Encouraging Bleisure travel to your associates
It is likely your HR team has concepts or formal programs in place to encourage a manageable work-life balance. From a travel management perspective, your Millennial travelers have the highly coveted benefit of accruing loyalty points as a result of their business travel, allowing them to expand the opportunities for leisure travel and exploring.
Offering communication tips for leisure enjoyment can demonstrate a cultural shift by putting enthusiasm back into travel. An example of this can be a communication feature tip for ‘second city’ travel experiences. Although a two-day business trip in San Francisco may sound ideal it can be very expensive for the traveler to extend their stay, so a neighboring city such as San Jose may be a consideration. Your associates will appreciate the knowledge sharing and creative approach!
Sustainable Business Travel
‘Sustainability’ is vital to a variety of areas for today’s business travelers. This could be anywhere from sustaining employee satisfaction by managing stress while on the road, to caring about the environment of tomorrow. Our clients have varying degrees of focus on each of these approaches, but one aspect that everyone agrees to is that we all must take action now to find meaningful benefit in the future. We have outlined a few best practices that we believe will help boost your sustainability initiatives:
Whether traveling 50% of your time or once a quarter, finding the right routine while on the road can dramatically reduce stress while making your time more productive. Best practices begin with your schedule.

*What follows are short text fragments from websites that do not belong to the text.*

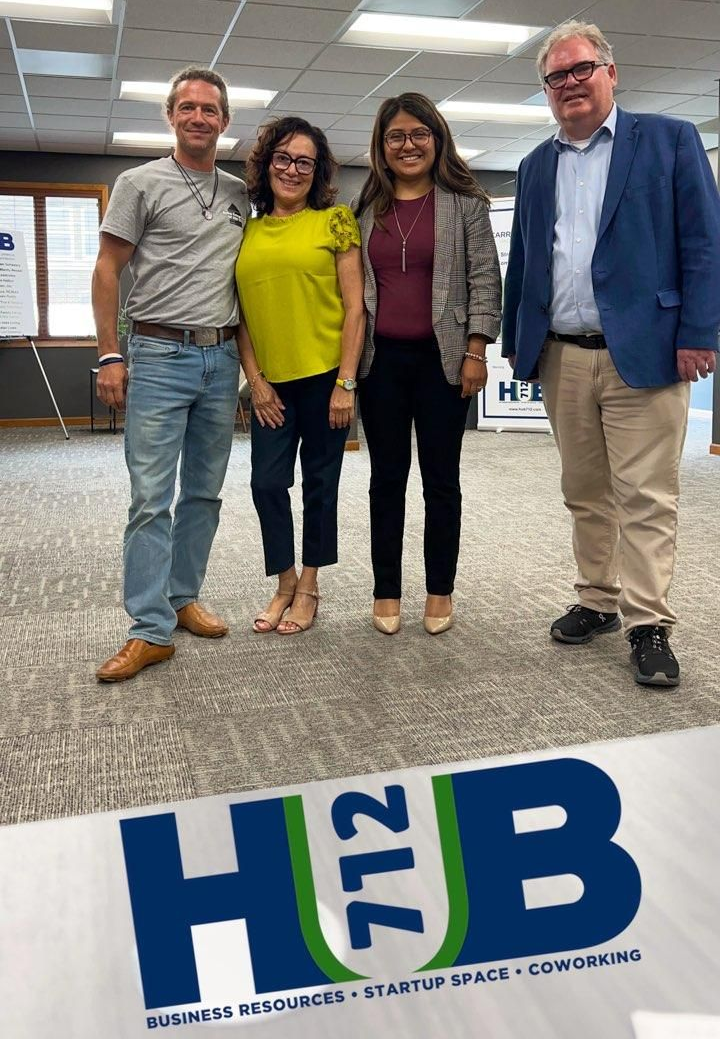 Four people standing in front of a logo. Two women and two men smiling inside an office. The logo reads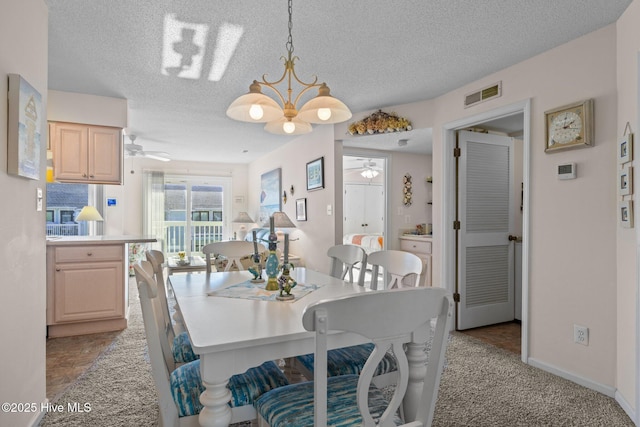 dining space featuring a textured ceiling, ceiling fan with notable chandelier, and light carpet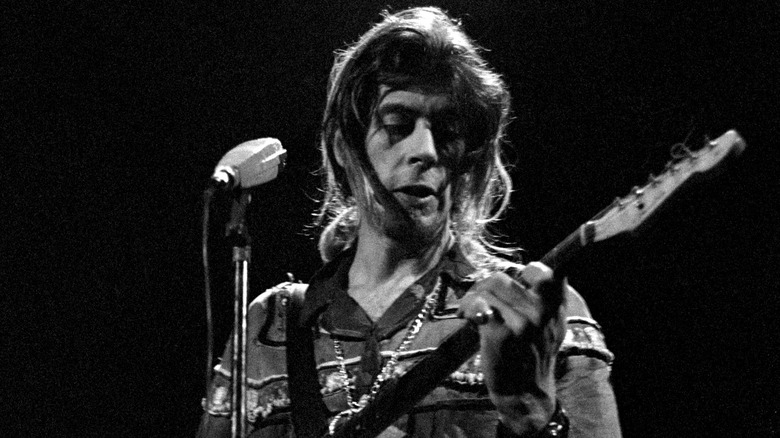 John Mayall playing guitar onstage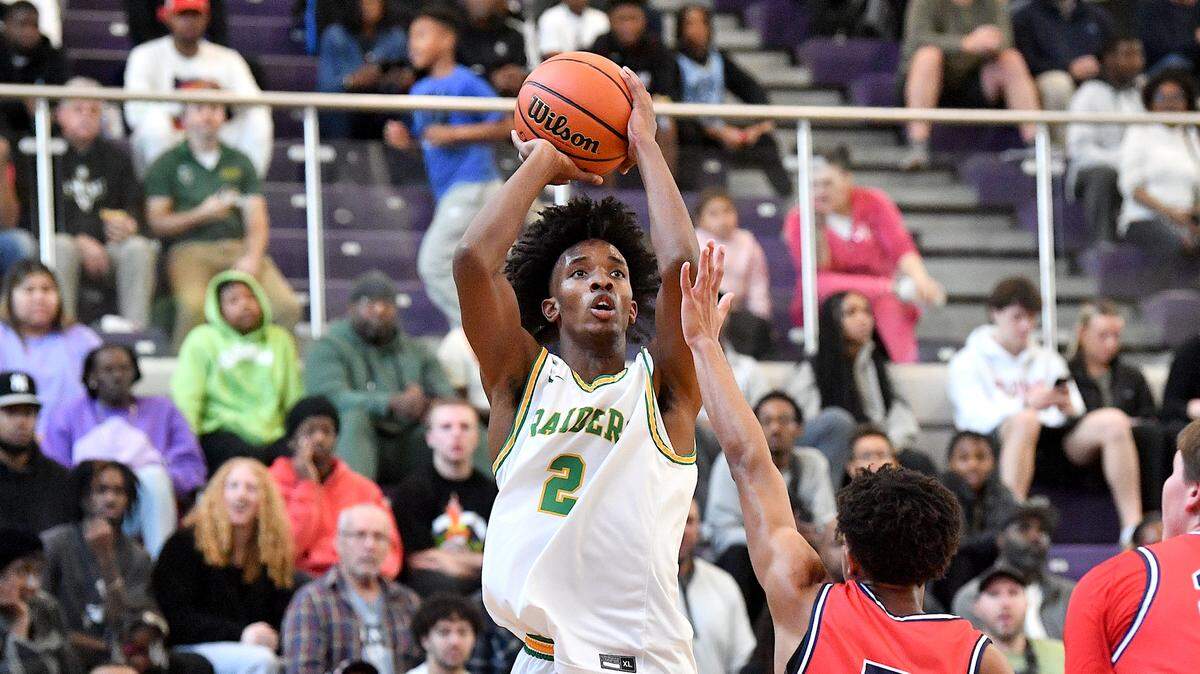 Richmond’s Paul McNeill (2) takes the jump shot over Jordan’s Drew Johnson (5) during the first half at the John Wall Invitational. The Richmond Raiders and the Jordan Falcons met in the John Wall Holiday Invitational in Raleigh, N.C. on December 28, 2023.
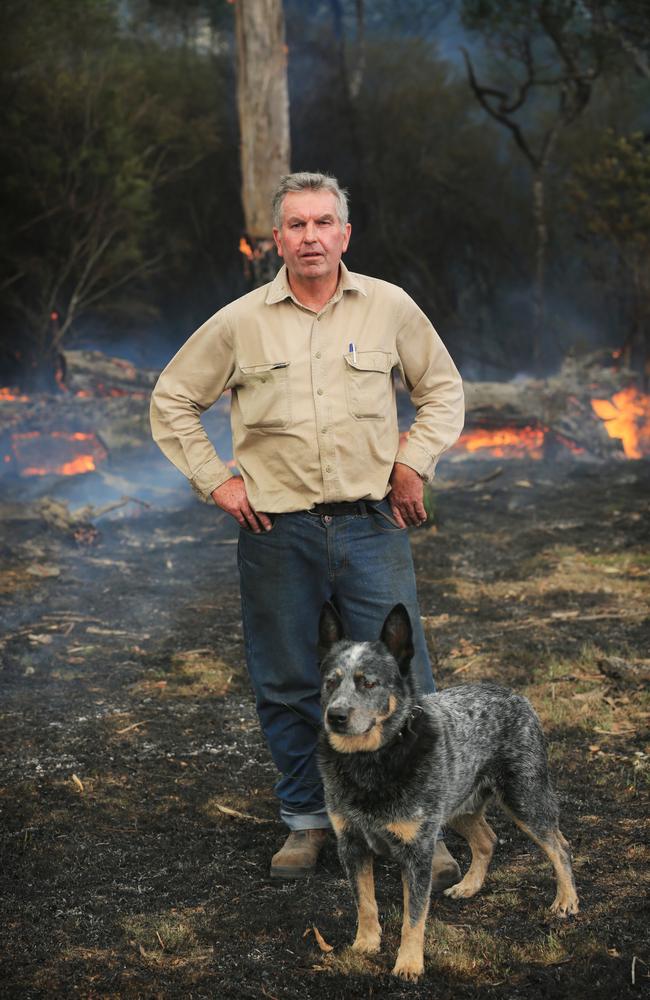 Mr Doyle with his dog Buddy on his Nethercote property on Tuesday. Picture: John Ford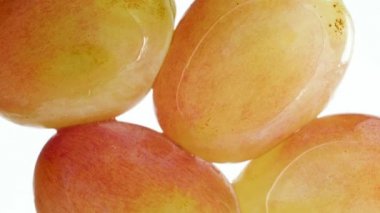 Beyaz arka planda taze üzümlerin sıkıldığı ve ezildiği makro 4K görüntü. Organik gıda ve sağlıklı beslenme için mükemmel bir soyut zemin. Patlayan böğürtlenlere yakın çekim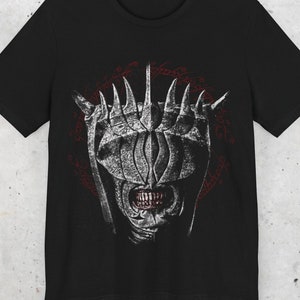 May include: Black t-shirt featuring a white graphic of the One Ring from "The Lord of the Rings" with the inscription "One Ring to rule them all, One Ring to find them, One Ring to bring them all and in the darkness bind them" in red.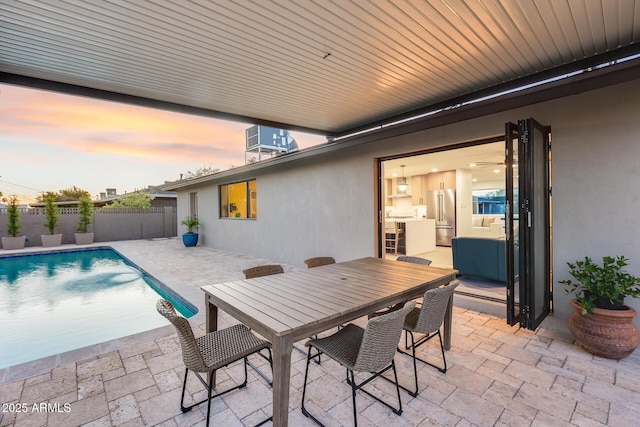 exterior space with a fenced in pool, a fenced backyard, and outdoor dining area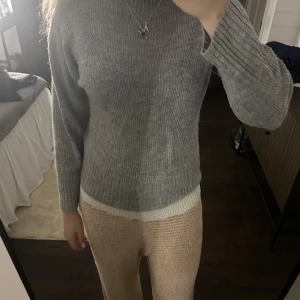 Grå stickad tröja - Mysig grå stickad tröja med långärmad design. Perfekt för kyligare dagar med sin ribbade struktur som ger en stilren look.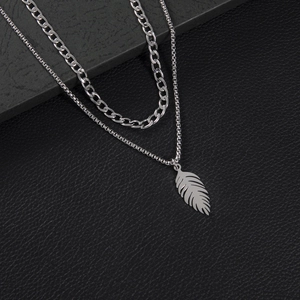 Double-layered silver feather pendant necklace featuring Cuban and box chain link styles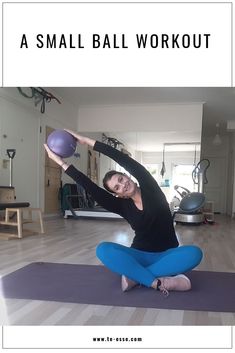 a woman sitting on a yoga mat with a ball in her hand and the words, a small ball workout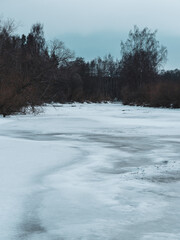 Lenaelva River at Toten, Norway, by Sundvika Nature Reservation in winter.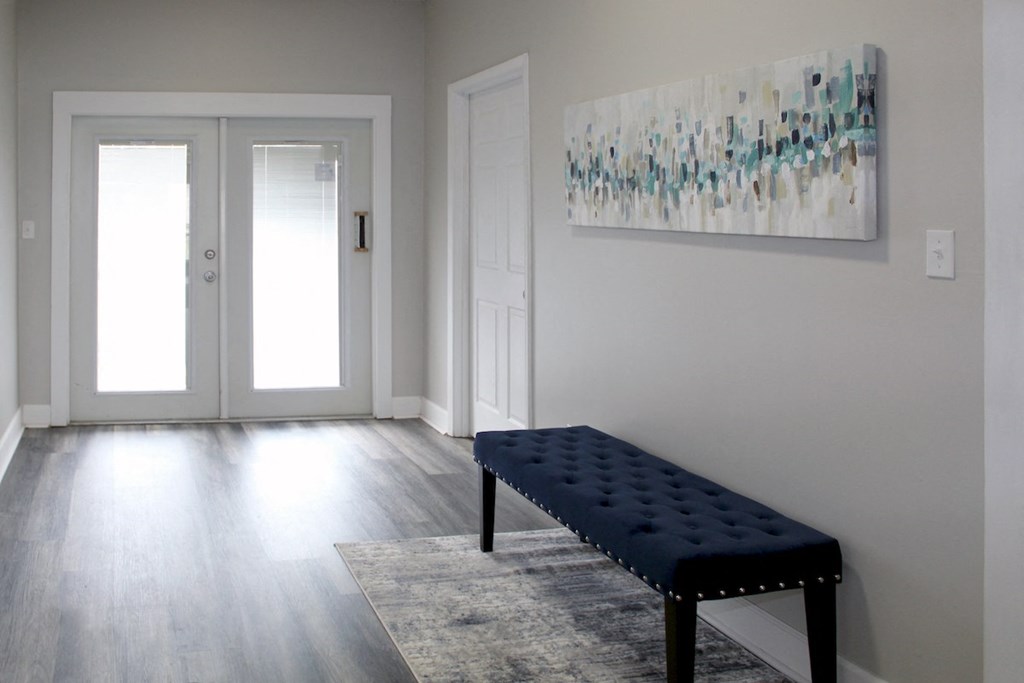 Clubhouse entrance hall with a padded bench and artwork at Woodland Villas Apartments, Jasper, AL 35504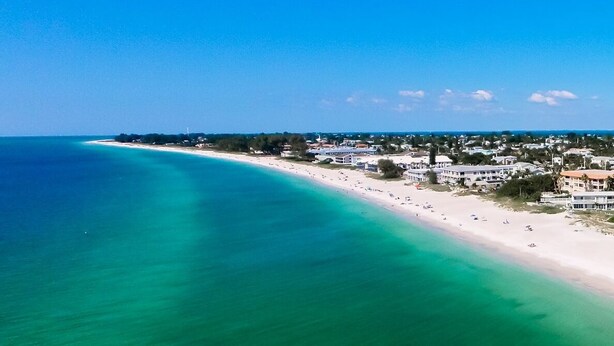 An aerial view of a coastal area with a long sandy beach, clear turquoise waters, and a row of buildings along the shore. - Beachfront Bliss with Gulf Views & Heated Pool (Holmes Beach)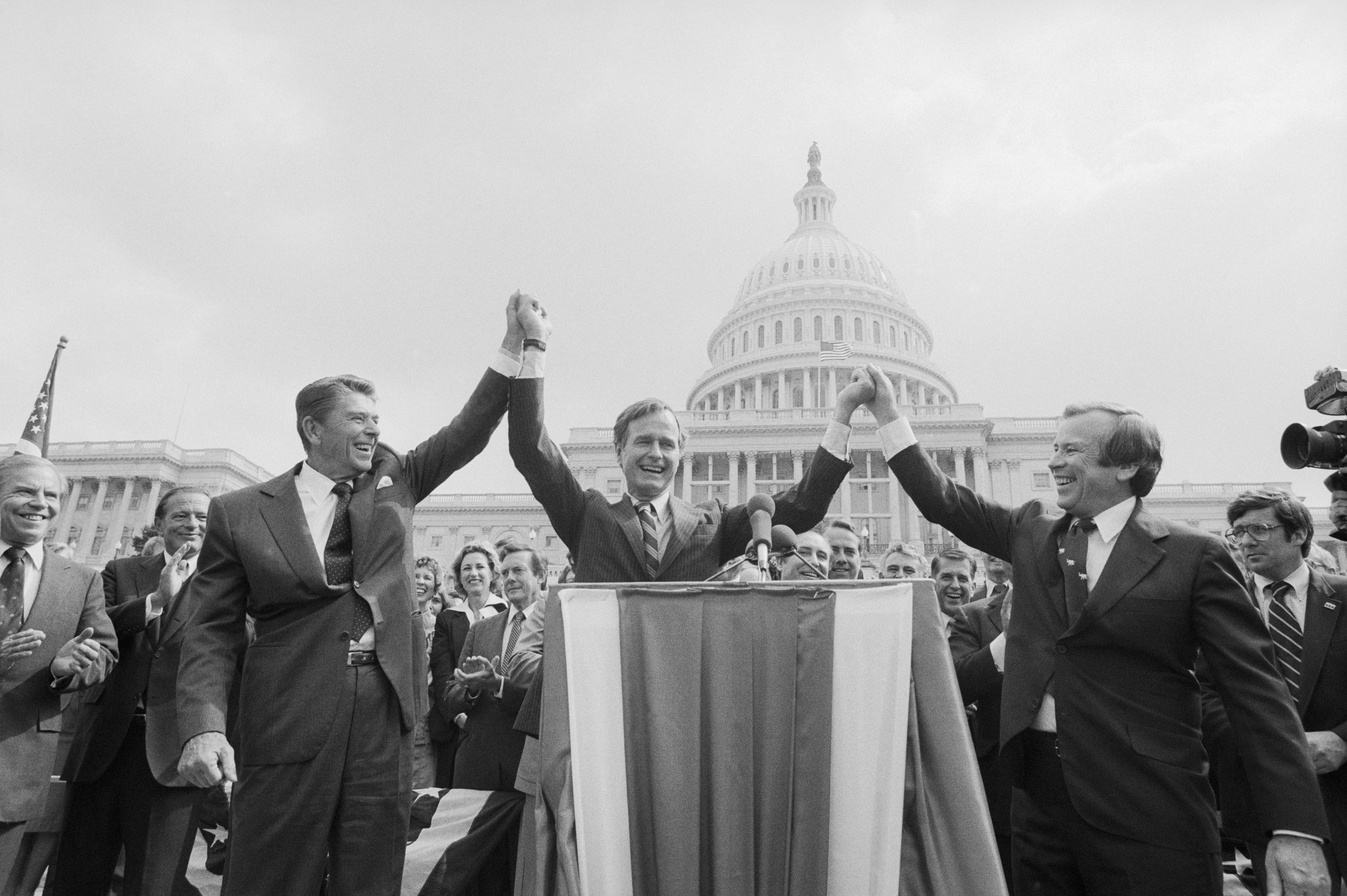 Reagan would prove to be the more popular conservative candidate in the race for the Presidency and would eventually gain the Republican nomination, but in a surprising turn of events, Reagan would pick Bush to be his vice presidential nominee. Here, the two candidates join Senate Majority leader Howard Baker for a rally on Capitol Hill in September 1980. (Ron Edmonds—Bettmann/Corbis)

- Give yourself extra time to accommodate any unforeseen disruption or delays whenever possible. This can take the form of traffic patterns or inclement weather.
- Take the time to research your hotel amenities and local surroundings. 10 minutes of research for healthy restaurant choices especially within walking distance, as well as work-out facilities (beyond onsite gyms) have an immediate impact on how you feel.
- Getting out of the hotel is always a strong recommendation. Experience the neighborhood and take in a new sense of community. The walk also allows for time to think, plan and prepare for your upcoming meeting.
In a recent study, over 80% of business travelers are concerned about the impact of their travel on the environment. Whether your company has a formal plan to measure sustainability within your travel program, or simply be environmentally conscious, every small action can have a long-term impact. TI has been supporting travel sustainability through our carbon footprint reporting for many years and the industry is following suit.
Most airlines are investing in alternative fuel options and reducing (if not eliminating) their carbon emissions within a specific timeline. Hotels are shifting to reduce their water consumption by offering increased loyalty points for travelers not requiring new towels on a daily basis. Restaurants and airports are moving toward alternatives to single-use plastic and non-biodegradable products.
2020 is a decade of forward thinking, and forward planning. It provides a fresh look at how we listen to our travelers, and how we support them to bring about a healthy balance of comfort and cost recovery. Ensuring your travelers know their voice matters and that you care will ensure a longer tenure and increased satisfaction. Our world of tomorrow will not look like the one of yesterday. This will require partnering with like-minded suppliers, and having the technology partners that can deliver to the ideas and opportunities that will forge our industry forward.
TI appreciates our partnership today and looks forward to continuing to be your trusted partner of choice tomorrow.